(Task statement): From the records below, set down exactly the lines starting with the line that contains "SophieDiMauro's tweet photo." and going on through the line that contains "Vietnamese vegetables and noodles". Nothing else is wanted.

[Caption-style text data]
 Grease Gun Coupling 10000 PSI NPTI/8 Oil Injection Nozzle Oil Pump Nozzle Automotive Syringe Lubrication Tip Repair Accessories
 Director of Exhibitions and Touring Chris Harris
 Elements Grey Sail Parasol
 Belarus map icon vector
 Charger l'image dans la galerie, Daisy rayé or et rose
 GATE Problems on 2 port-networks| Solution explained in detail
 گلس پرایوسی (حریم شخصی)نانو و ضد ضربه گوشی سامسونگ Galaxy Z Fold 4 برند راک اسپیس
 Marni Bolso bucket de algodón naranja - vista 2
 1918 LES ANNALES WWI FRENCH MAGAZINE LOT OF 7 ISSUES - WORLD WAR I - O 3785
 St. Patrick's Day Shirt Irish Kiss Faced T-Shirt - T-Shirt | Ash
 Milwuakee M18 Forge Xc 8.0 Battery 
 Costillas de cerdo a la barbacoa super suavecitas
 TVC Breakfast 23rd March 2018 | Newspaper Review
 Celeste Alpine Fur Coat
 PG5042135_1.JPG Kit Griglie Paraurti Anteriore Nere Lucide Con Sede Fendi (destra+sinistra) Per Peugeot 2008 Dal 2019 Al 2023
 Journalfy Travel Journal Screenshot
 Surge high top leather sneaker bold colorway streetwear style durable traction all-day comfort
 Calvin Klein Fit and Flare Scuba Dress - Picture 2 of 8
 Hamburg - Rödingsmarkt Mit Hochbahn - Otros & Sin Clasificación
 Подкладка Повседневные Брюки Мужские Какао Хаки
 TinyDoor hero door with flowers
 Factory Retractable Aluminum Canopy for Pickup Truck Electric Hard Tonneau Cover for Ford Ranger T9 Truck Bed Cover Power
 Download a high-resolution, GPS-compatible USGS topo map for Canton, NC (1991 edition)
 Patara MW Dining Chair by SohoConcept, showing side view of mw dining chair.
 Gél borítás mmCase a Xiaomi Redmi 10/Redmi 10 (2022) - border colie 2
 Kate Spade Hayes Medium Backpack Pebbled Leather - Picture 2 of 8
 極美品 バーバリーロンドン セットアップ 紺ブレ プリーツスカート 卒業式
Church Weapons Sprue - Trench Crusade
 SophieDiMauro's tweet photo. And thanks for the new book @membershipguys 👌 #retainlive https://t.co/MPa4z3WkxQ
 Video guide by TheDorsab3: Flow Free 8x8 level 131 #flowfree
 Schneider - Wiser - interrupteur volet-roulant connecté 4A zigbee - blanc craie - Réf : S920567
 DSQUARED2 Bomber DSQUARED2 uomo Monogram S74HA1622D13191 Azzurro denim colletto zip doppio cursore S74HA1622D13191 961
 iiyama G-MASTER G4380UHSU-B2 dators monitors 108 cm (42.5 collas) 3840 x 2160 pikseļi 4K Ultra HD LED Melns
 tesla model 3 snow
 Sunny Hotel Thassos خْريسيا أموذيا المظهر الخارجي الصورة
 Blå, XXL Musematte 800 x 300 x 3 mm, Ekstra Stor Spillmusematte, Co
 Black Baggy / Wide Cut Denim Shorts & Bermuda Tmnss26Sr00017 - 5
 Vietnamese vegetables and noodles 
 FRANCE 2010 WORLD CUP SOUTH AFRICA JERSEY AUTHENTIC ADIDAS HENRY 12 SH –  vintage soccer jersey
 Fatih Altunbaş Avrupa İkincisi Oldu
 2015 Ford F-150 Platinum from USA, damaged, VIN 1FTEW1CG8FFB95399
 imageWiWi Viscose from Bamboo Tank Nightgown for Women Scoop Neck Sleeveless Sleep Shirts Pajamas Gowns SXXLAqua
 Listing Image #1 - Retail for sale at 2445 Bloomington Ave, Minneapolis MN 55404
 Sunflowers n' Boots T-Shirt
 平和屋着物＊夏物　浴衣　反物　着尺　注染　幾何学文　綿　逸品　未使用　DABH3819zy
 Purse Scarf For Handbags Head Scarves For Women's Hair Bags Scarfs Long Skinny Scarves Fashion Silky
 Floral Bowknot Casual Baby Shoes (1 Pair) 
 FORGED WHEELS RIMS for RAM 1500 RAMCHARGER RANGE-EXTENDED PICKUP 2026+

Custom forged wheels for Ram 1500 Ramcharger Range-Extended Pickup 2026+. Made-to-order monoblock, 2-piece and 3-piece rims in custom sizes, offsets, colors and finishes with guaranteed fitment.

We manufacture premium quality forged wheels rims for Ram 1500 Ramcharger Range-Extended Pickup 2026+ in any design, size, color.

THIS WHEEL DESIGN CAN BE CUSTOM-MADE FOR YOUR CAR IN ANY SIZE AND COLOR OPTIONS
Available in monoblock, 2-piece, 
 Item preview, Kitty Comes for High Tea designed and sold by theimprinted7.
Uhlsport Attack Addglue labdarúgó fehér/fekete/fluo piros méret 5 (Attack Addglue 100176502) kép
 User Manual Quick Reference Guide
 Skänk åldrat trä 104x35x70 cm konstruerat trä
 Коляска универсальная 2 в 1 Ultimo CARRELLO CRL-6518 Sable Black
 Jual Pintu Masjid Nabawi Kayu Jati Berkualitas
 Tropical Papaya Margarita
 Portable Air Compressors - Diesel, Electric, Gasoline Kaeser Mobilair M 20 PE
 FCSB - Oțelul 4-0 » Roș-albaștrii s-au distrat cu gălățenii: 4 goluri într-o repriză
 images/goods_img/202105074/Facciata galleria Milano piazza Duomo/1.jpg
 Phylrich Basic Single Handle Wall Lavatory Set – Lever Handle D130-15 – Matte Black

(Reply):
 SophieDiMauro's tweet photo. And thanks for the new book @membershipguys 👌 #retainlive https://t.co/MPa4z3WkxQ
 Video guide by TheDorsab3: Flow Free 8x8 level 131 #flowfree
 Schneider - Wiser - interrupteur volet-roulant connecté 4A zigbee - blanc craie - Réf : S920567
 DSQUARED2 Bomber DSQUARED2 uomo Monogram S74HA1622D13191 Azzurro denim colletto zip doppio cursore S74HA1622D13191 961
 iiyama G-MASTER G4380UHSU-B2 dators monitors 108 cm (42.5 collas) 3840 x 2160 pikseļi 4K Ultra HD LED Melns
 tesla model 3 snow
 Sunny Hotel Thassos خْريسيا أموذيا المظهر الخارجي الصورة
 Blå, XXL Musematte 800 x 300 x 3 mm, Ekstra Stor Spillmusematte, Co
 Black Baggy / Wide Cut Denim Shorts & Bermuda Tmnss26Sr00017 - 5
 Vietnamese vegetables and noodles 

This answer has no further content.